Set in the mid-70’s days of Vietnam, racial tension, and sexual revolution, Let the Great World Spin begins with a discomfiting scene at the World Trade Center twin towers. A tight-rope walker has inexplicably strung a wire between the twin towers and is performing a breathtaking balancing act, mid-air, in the exact spot that, years later, takes a punch in the gut from two airplanes.
Next we meet a young Irish man trying to make sense of the life his brother, Corrigan, has chosen to lead – the life of a priest whose only church exists under the freeway in the projects where his congregation – a group of hookers that include a mother and daughter team – ply their trade.
Next we meet Claire, a blue blood Park Avenue wife struggling with loosing her only son in Viet Nam. Through Claire, we meet Gloria, another grieving mother, but from the Bronx, a million miles from Park Place in the seventies. Gently unfolding fully developed characters, McCann gives us a judge, desperate for something, anything, meaningful in his life. He gives us a self-centered new-aged artist and the woman who is more than ready to walk away from him, given good enough reason — which she has after a monstrous car crash.

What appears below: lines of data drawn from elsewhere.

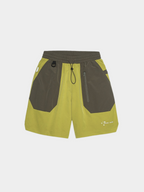 BaseCooler - Men's Water-Repellent Color-Block Patchwork 5-Inch Shorts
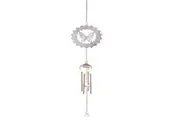 Wind Chimes Rose Gold Bells Hanging Garden Yard Home Decor Outdoor Butterfly
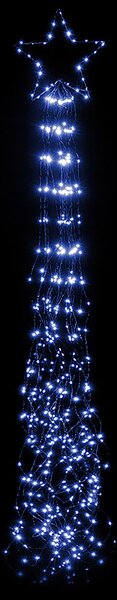 Stella Cometa Albero di Natale Puntale Cascata Illuminazione Led Natalizia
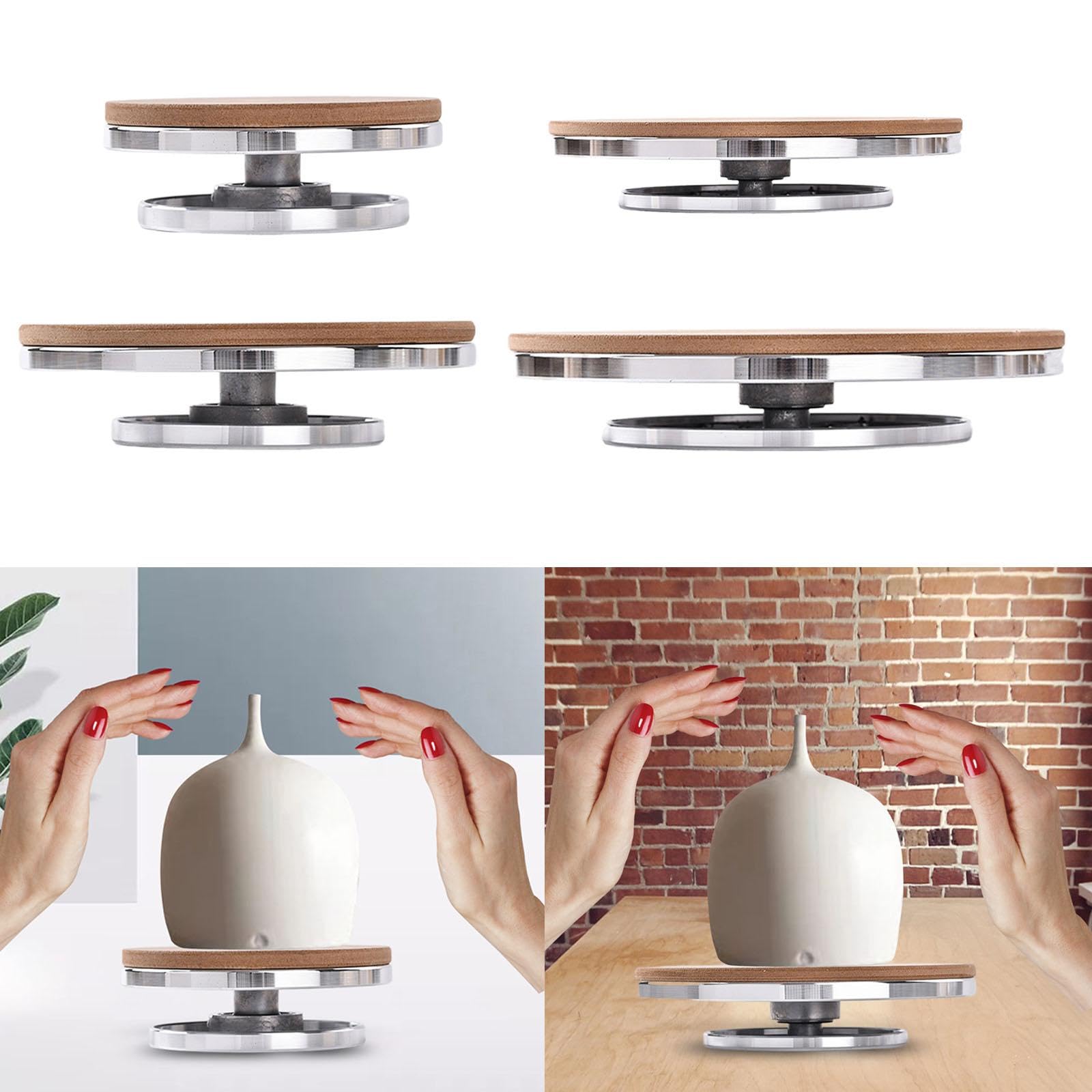 Koło garncarskie 25 cm do gliny artystyczny profesjonalny gramofon do rzeźbienia i malowania ceramiczne narzędzie rzemieślnicze idealne dla artystów i hobbystów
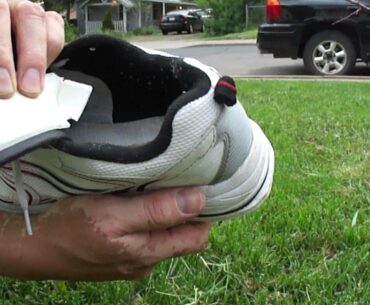 lawn spike shoes / aerating shoes homemade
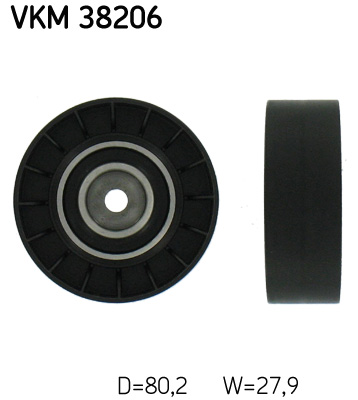 SKF VKM 38206 Szíjtárcsa/vezetőgörgő, hosszbordás szíj BMW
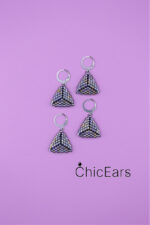 Серьги-треугольники "Vintage"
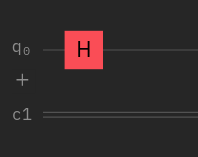 ave/implement the change I click on "Your circuit" to go back to the circuit, and the gate is gone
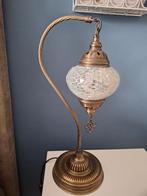 2x tafel lamp, Huis en Inrichting, Ophalen, Zo goed als nieuw, Glas, Minder dan 50 cm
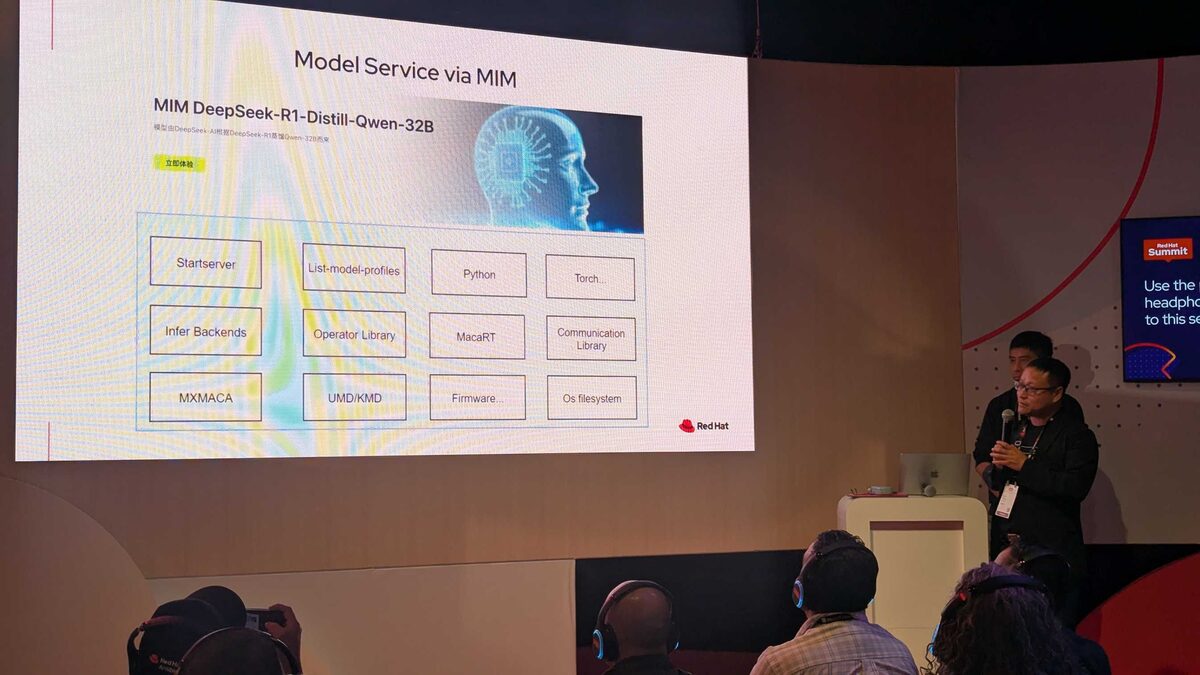 Model Service via MIM — DeepSeek-R1-Distill-Qwen-32B running on MetaX stack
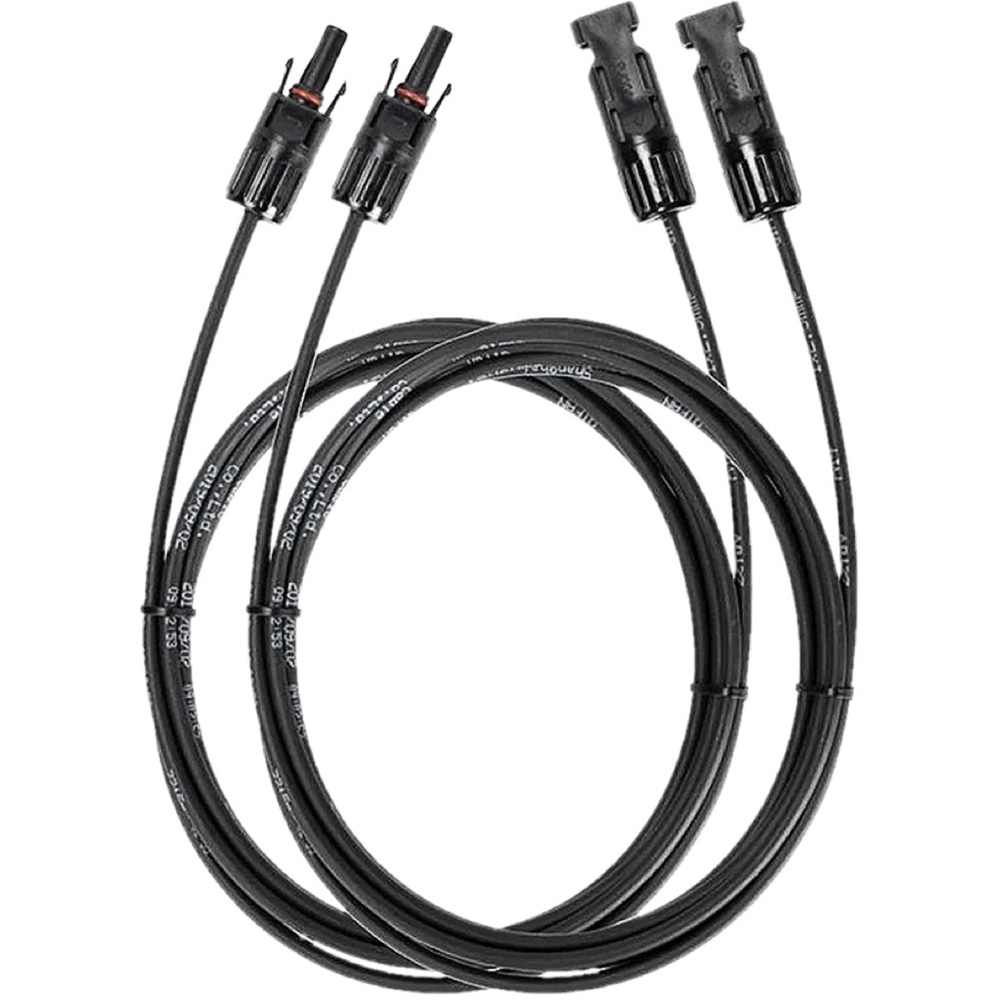 Extensie cablu ECOFLOW Solar, IP67, negru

If any of these tales sounds comical, they are not. They are wry, ironic, and sharp. But not comic. There is no “I knew it all along” moment for the reader. McCann’s writing is delicate enough to avoid reeking of conicidence yet strong enough – like the tightrope- that each scene carries its own weight. In Let the Great World Spin, Colum McCann suspends relational definitions. People slide into common orbit through nothing more than grief. With nothing more than being in the wrong place at the wrong time, lives change. With nothing but shared awe at a speck prancing boldly in the sky, bonds forge. While familial relationships form the baseline bonds for most people, sometimes it is the encounter with a stranger that leads to the most important bonds.
The end of most books telegraph their arrival by dwindling pages and a sense of denouement. Even very great books can have unsatisfying conclusions. The best books leave the reader missing the characters. The ending of Let the Great World Spin took me by surprise. Literally, I must admit I was fooled by the inclusion of a readers’ guide in my edition. When I reached the last page of the last chapter, I expected to turn the page to a new chapter, but I didn’t. It’s not that the book ends abruptly – not in the way that disappoints a reader hungering for resolution. The abruptness is due instead, to the circular nature of the tale. I was engaged to the last word. Though I expected to read on, immediately I knew that the story ended right where it needed to end. The only way to survive loss is to keep moving. McCann’s story moves in a rich, full and expanding circle. Being a Nashvillian, I couldn’t help thinking, in the words of bluegrass musician Alvin Pleasant Carter, “Will the circle be unbroken, Lord, by and by, Lord, by and by.”